YOUR OBJECTIVE >> After locating the line with "IMG_20201028_143555.png Download STL" in the entries below, set down exactly that line and each one after it to the end, skipping pictures.

Crawled caption data
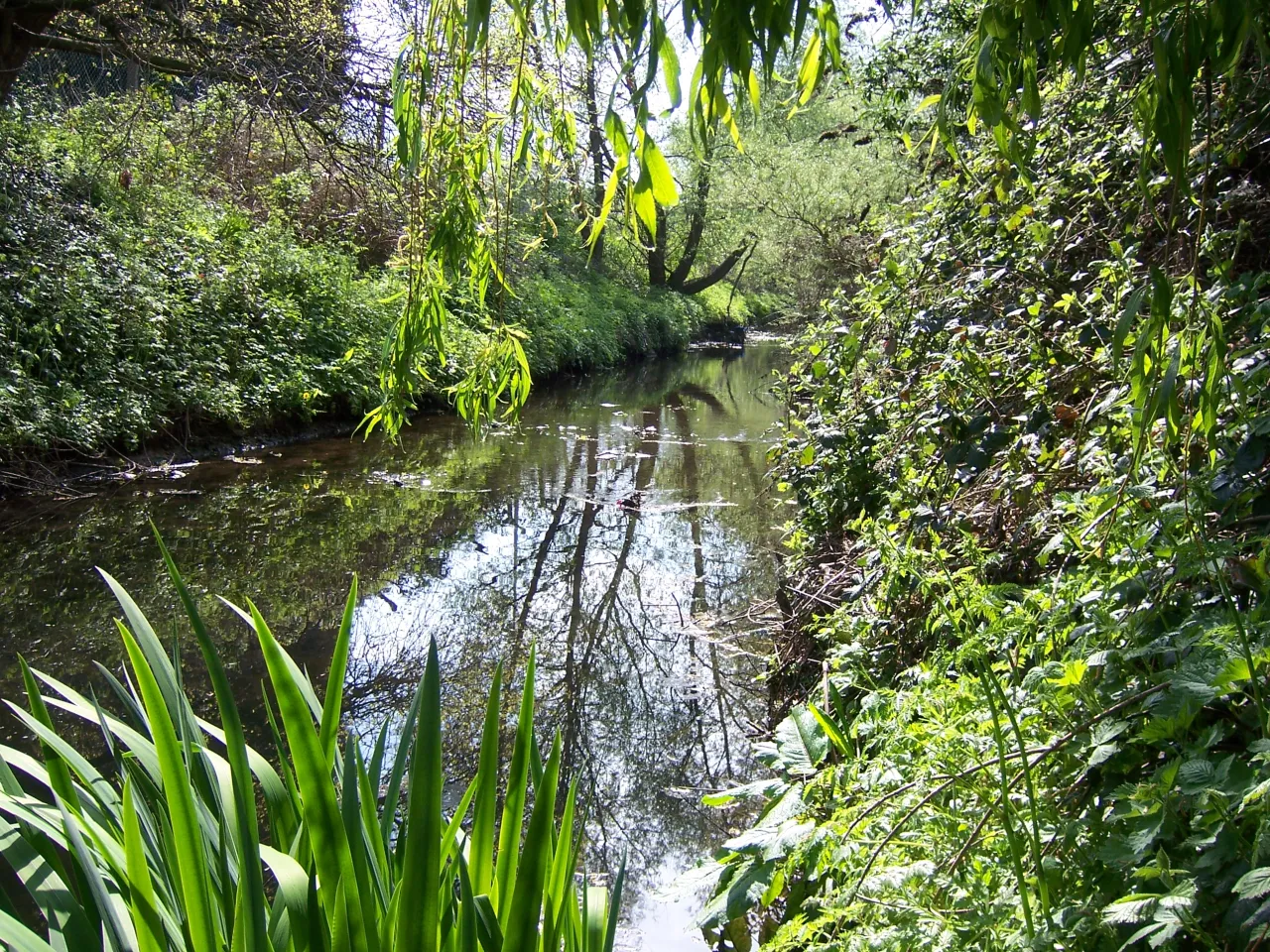 The Yeading Brook flowing through Ruislip Gardens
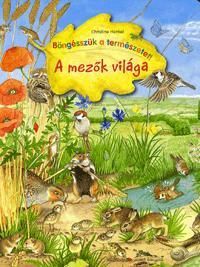 A mezők világa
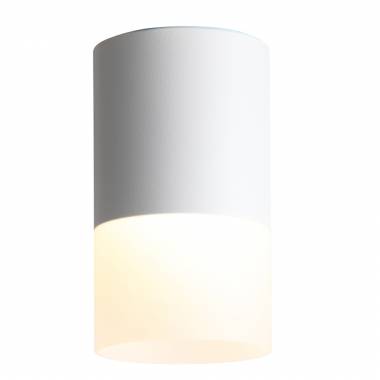Точечный светильник ST LUCE(OTTU) ST100.502.10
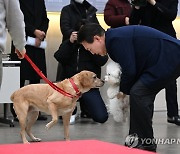 은퇴 안내견 '새롬이'에게 '써니' 소개하는 윤석열 대통령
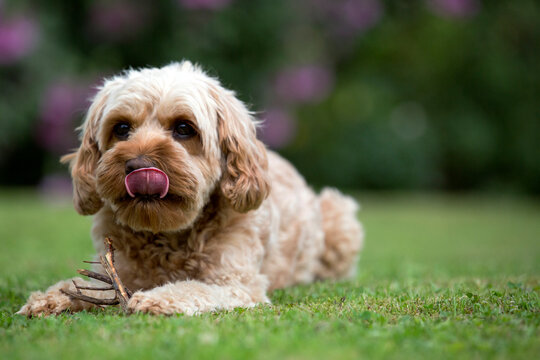 Portrait of a red coated young Cavapoo lying on a lawn.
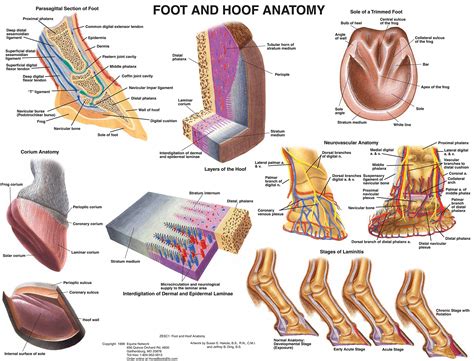 Buy Equine Foot and Hoof Anatomy Chart Horse Online at desertcartINDIA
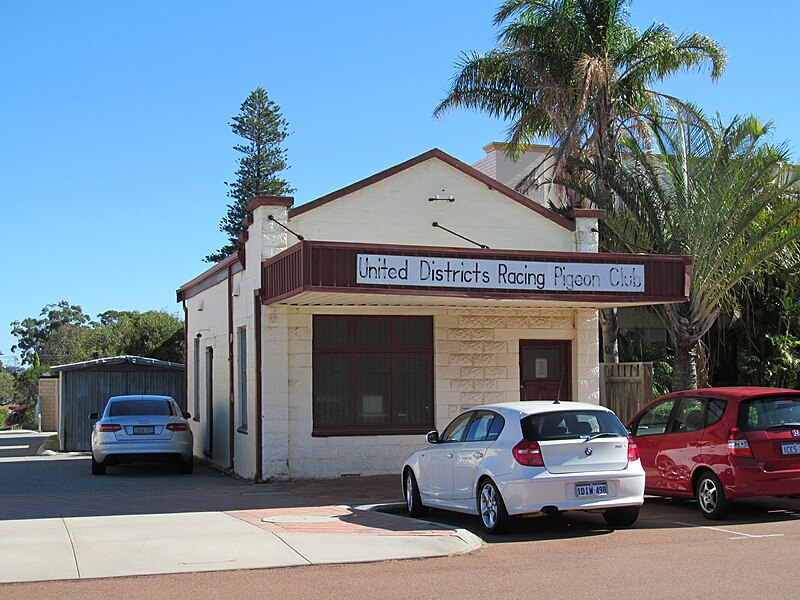 File:OIC osborne park pigeon club.jpg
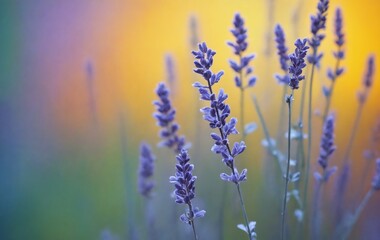 Serene Lavender Field at Sunset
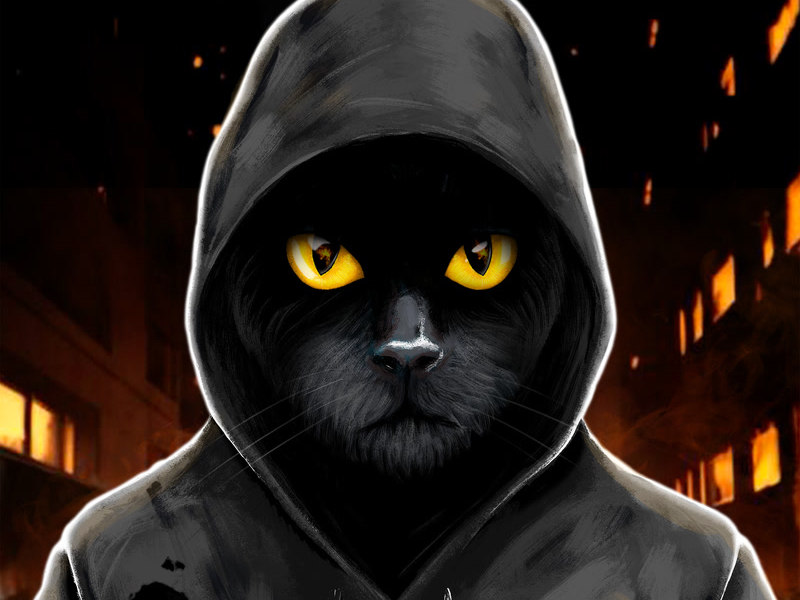 Musta Kissa (Single)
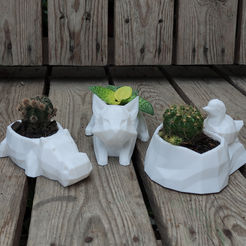 IMG_20201028_143555.png Download STL file low poly animal pot planter (cat, hippo, nest bird) • 3D printing model, Prigle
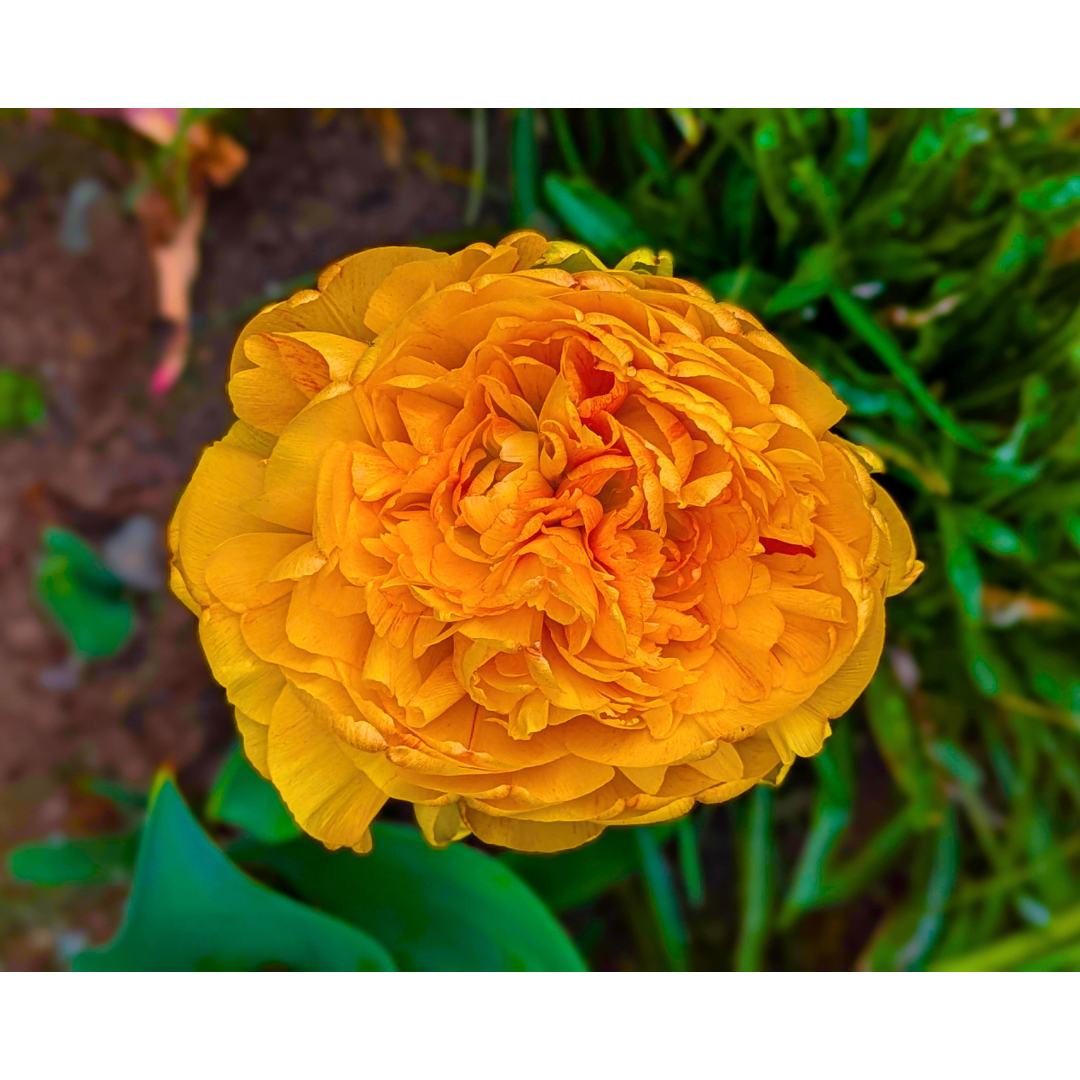 The Golden Peony Tulip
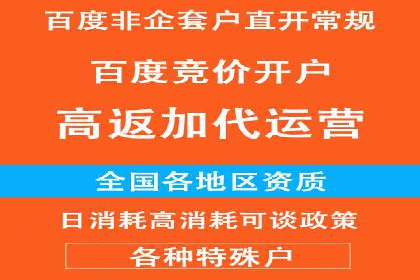 百度广告投放技巧与案例分享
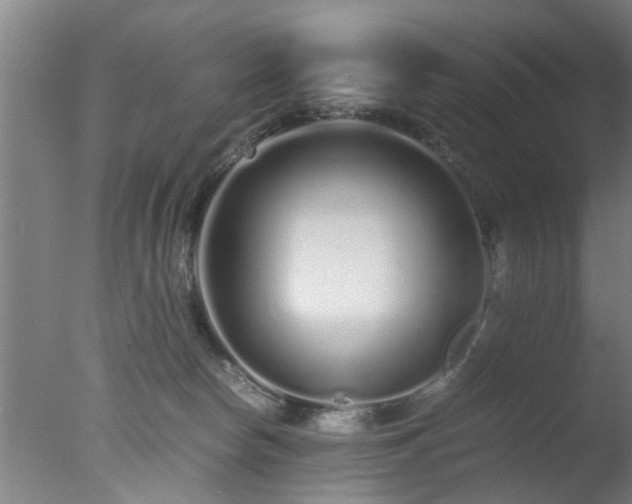 X0000077390178200610272022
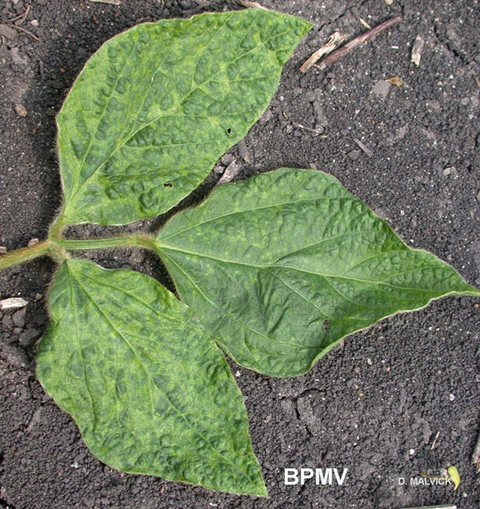 cluster of three soybean leaves with discolored spots.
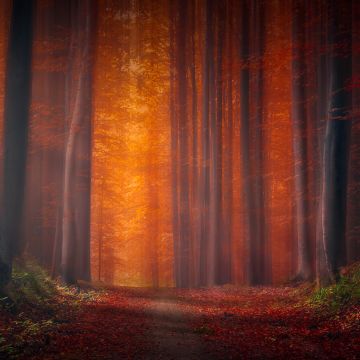 Autumn Forest, Pathway, Fallen Leaves, Sunset, Landscape, Orange, Trees, Woods, 5K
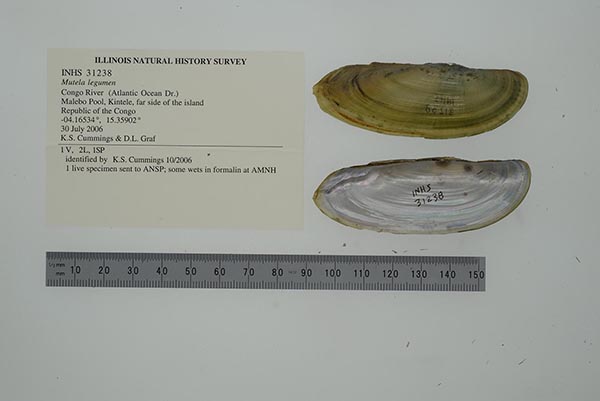 image of lot INHS_31238 image of lot INHS_31238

TASK OUTPUT >>
 IMG_20201028_143555.png Download STL file low poly animal pot planter (cat, hippo, nest bird) • 3D printing model, Prigle
 The Golden Peony Tulip
 百度广告投放技巧与案例分享
 X0000077390178200610272022
 cluster of three soybean leaves with discolored spots.
 Autumn Forest, Pathway, Fallen Leaves, Sunset, Landscape, Orange, Trees, Woods, 5K
 image of lot INHS_31238 image of lot INHS_31238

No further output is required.